→ **BRIEF**
To complete this task, print all the data below exactly but leave out the images.

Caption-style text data
☆ ☆ ☆ ☆
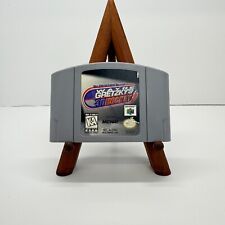 Wayne Gretzky's 3D Hockey N64 Authentic, Tested - Nintendo 64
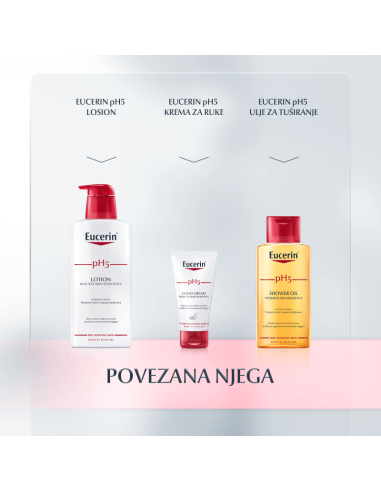 Eucerin pH5 Soft krema za osjetljivu kožu 88782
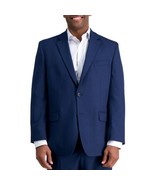 J.M. Haggar Men&#39;s Suit Jacket, Blue Weave Print, 44 - $1,670.43 MXN
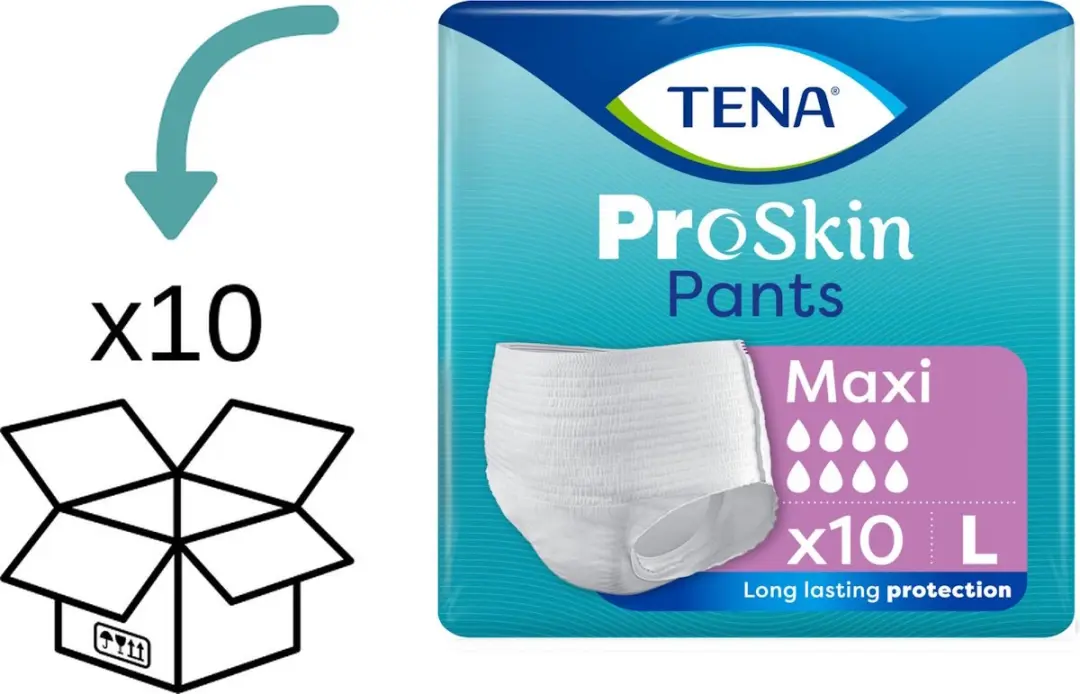 TENA Pants Maxi L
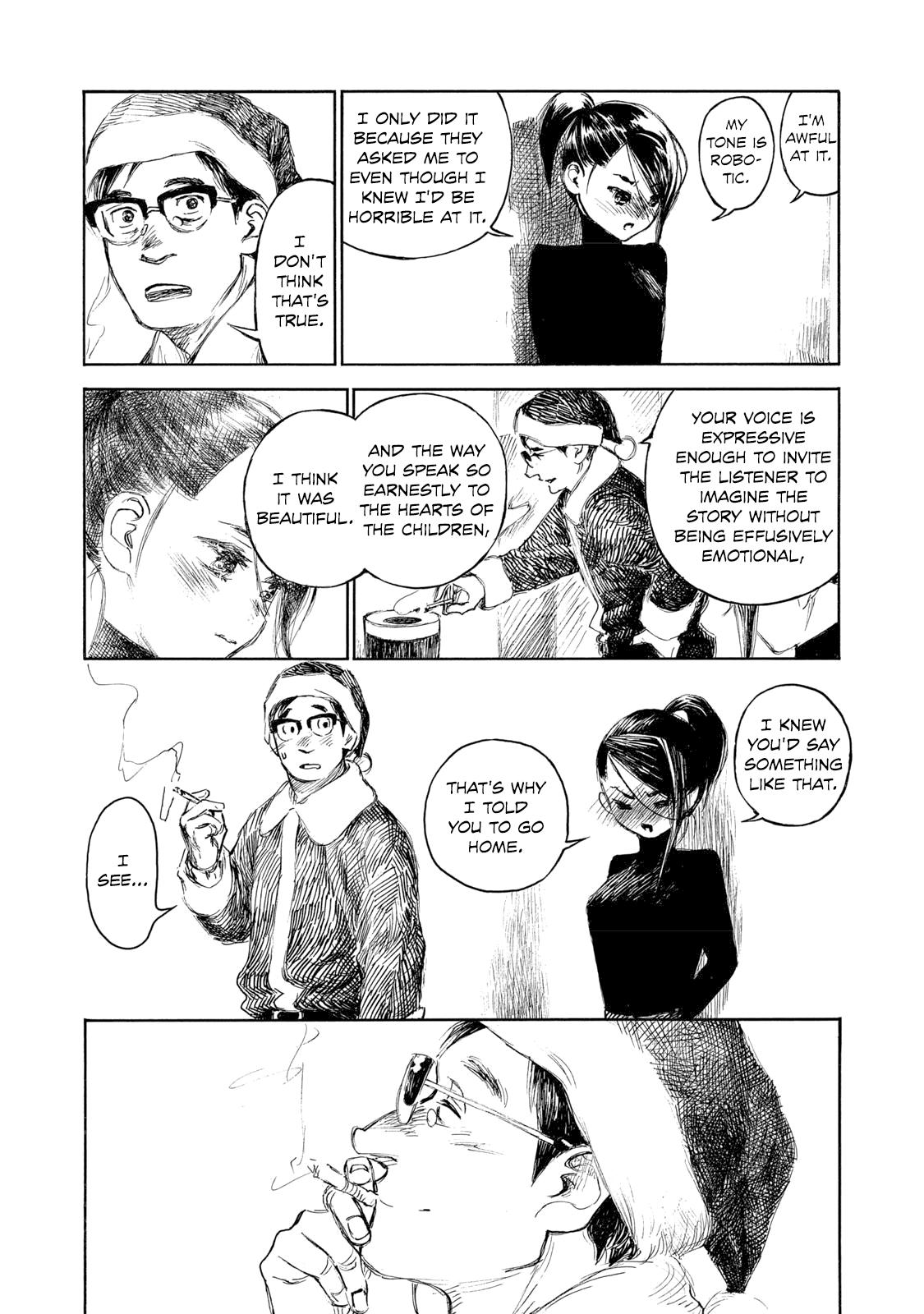 Kannou Sensei Chap 28.2 - Next Chap 29.2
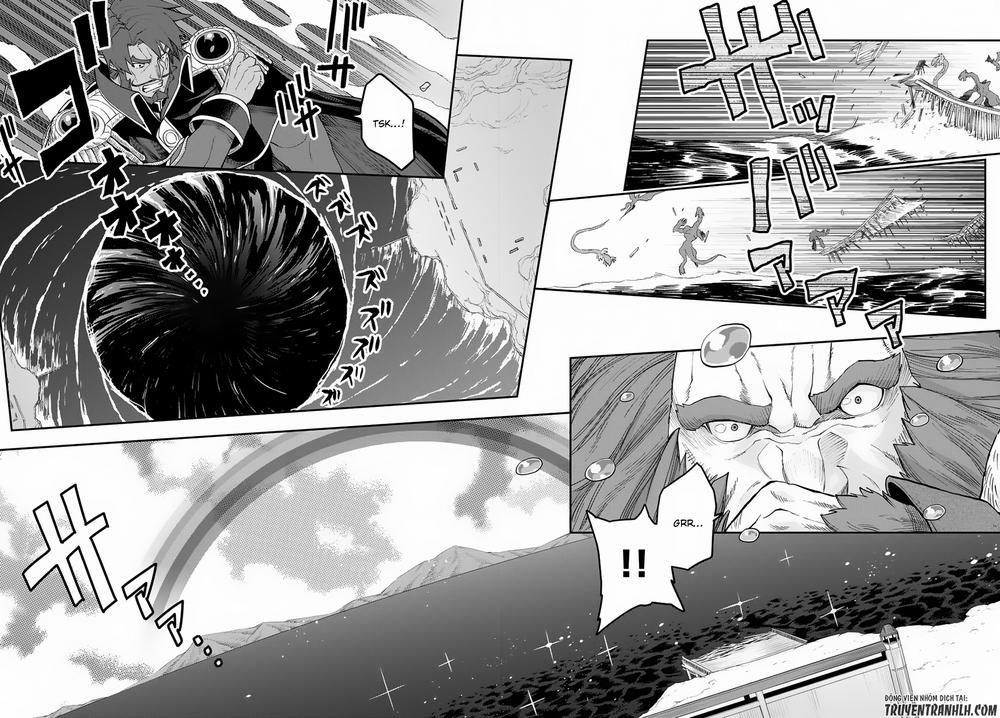 Ngôn Linh Vương 34 trang 13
☆ ☆ ☆ ☆
→ **ANSWER SPACE**
 Wayne Gretzky's 3D Hockey N64 Authentic, Tested - Nintendo 64
 Eucerin pH5 Soft krema za osjetljivu kožu 88782
 J.M. Haggar Men&#39;s Suit Jacket, Blue Weave Print, 44 - $1,670.43 MXN
 TENA Pants Maxi L
 Kannou Sensei Chap 28.2 - Next Chap 29.2
 Ngôn Linh Vương 34 trang 13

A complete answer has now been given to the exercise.